● WHAT THE EXERCISE ASKS:
Please repeat, exactly and without pictures, the lines of the entries below that run from the one containing "Unisex Geometric Eyes" through the one containing "Early 20th Century".

======== TASK INPUTS ========

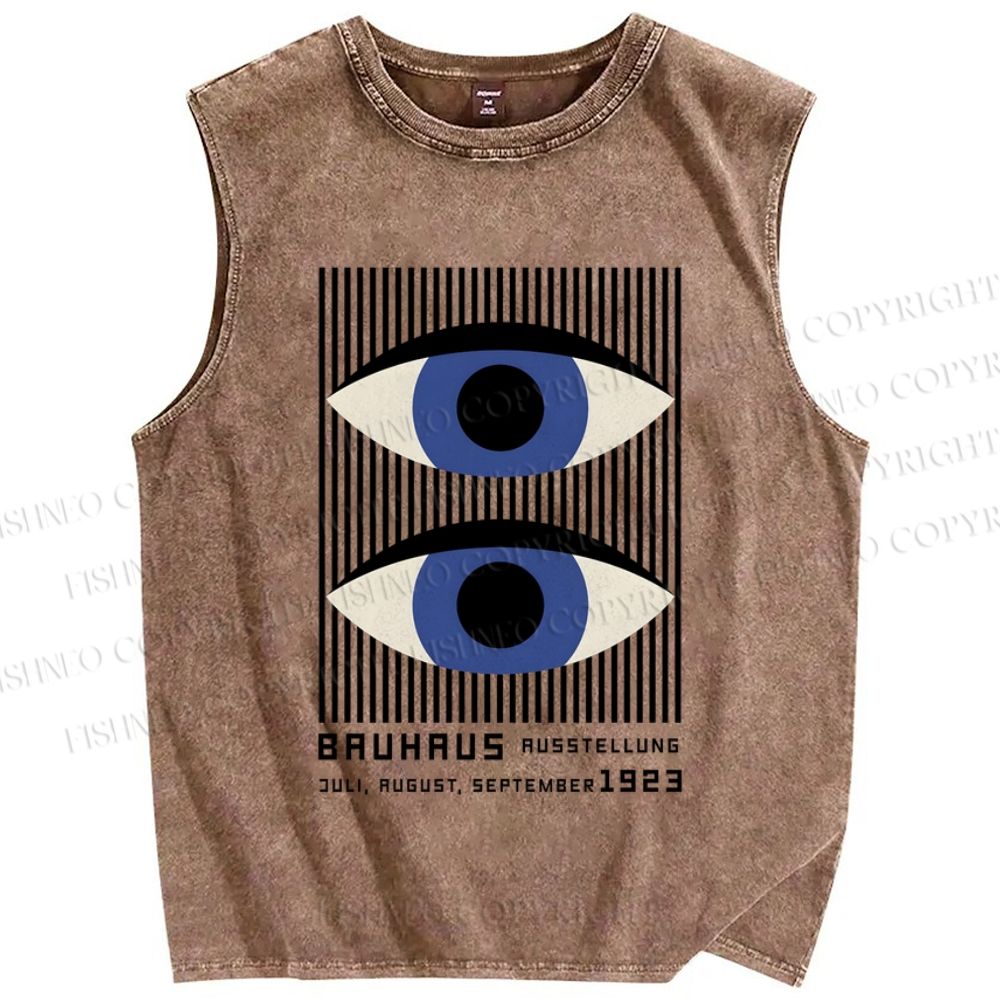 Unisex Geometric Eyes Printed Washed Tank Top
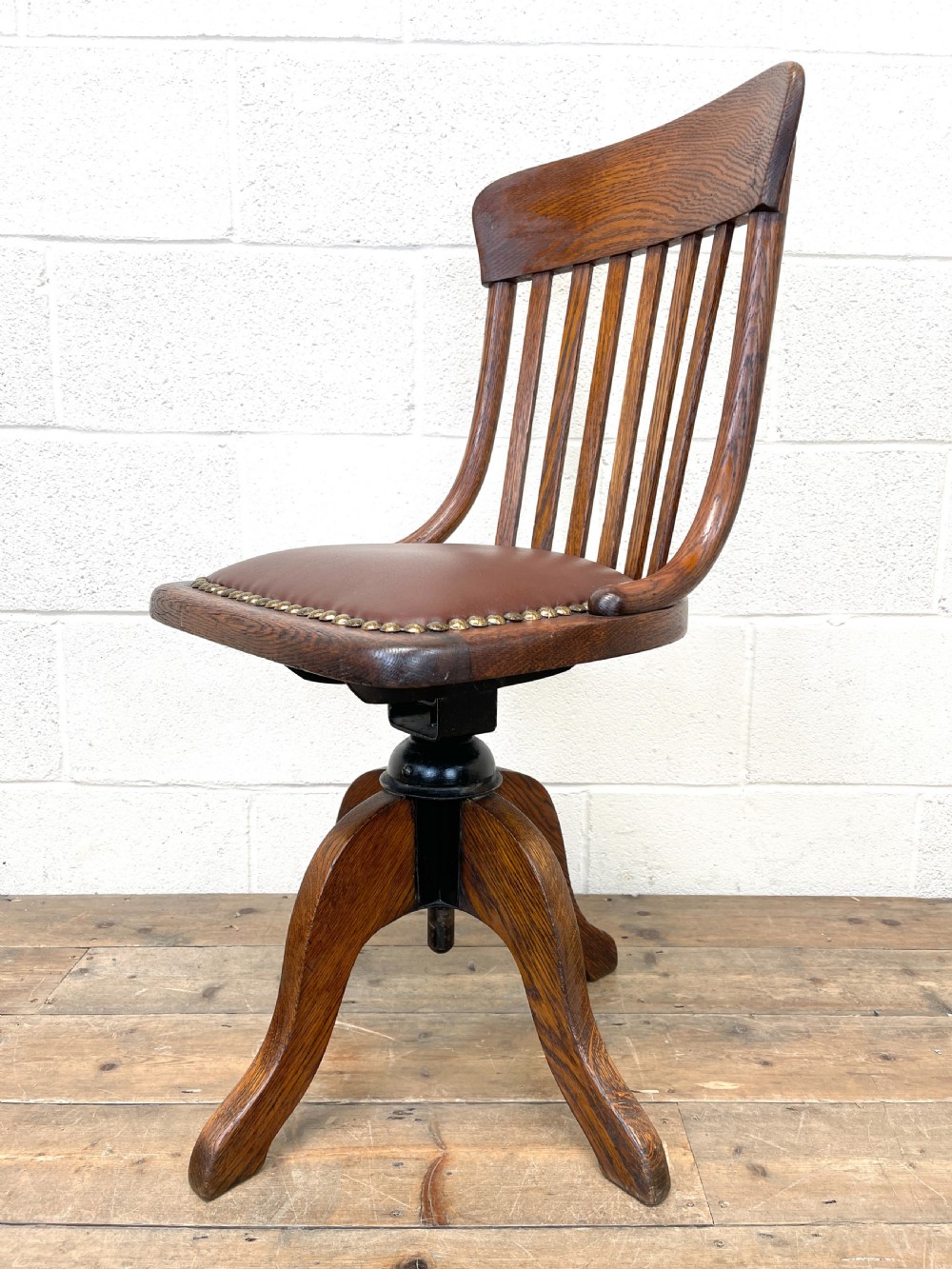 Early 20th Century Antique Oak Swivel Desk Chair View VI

========
======== TASK INPUTS ========

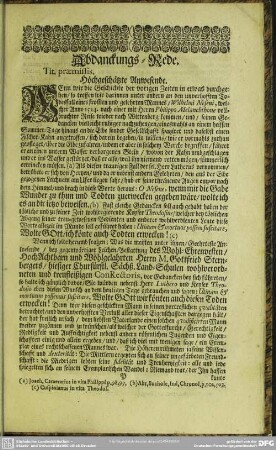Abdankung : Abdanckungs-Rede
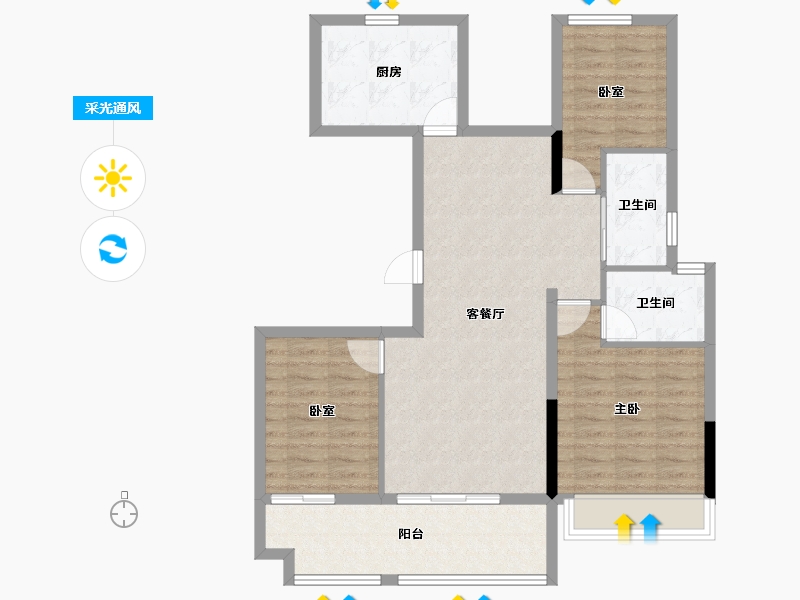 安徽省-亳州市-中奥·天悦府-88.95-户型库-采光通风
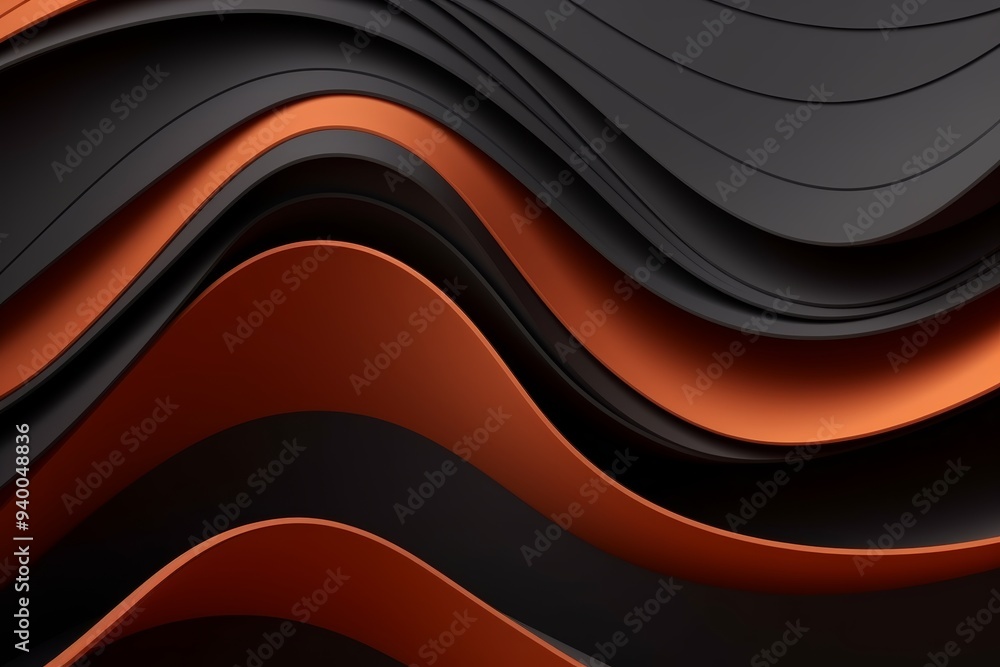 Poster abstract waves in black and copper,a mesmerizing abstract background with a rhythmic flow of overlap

========
======== TASK INPUTS ========

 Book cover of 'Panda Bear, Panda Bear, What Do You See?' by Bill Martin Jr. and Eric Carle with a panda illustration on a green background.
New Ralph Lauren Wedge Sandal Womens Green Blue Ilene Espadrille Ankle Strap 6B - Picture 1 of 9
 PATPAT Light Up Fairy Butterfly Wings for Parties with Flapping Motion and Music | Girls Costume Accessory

========

● PROBLEM SOLUTION:
 Unisex Geometric Eyes Printed Washed Tank Top
 Early 20th Century Antique Oak Swivel Desk Chair View VI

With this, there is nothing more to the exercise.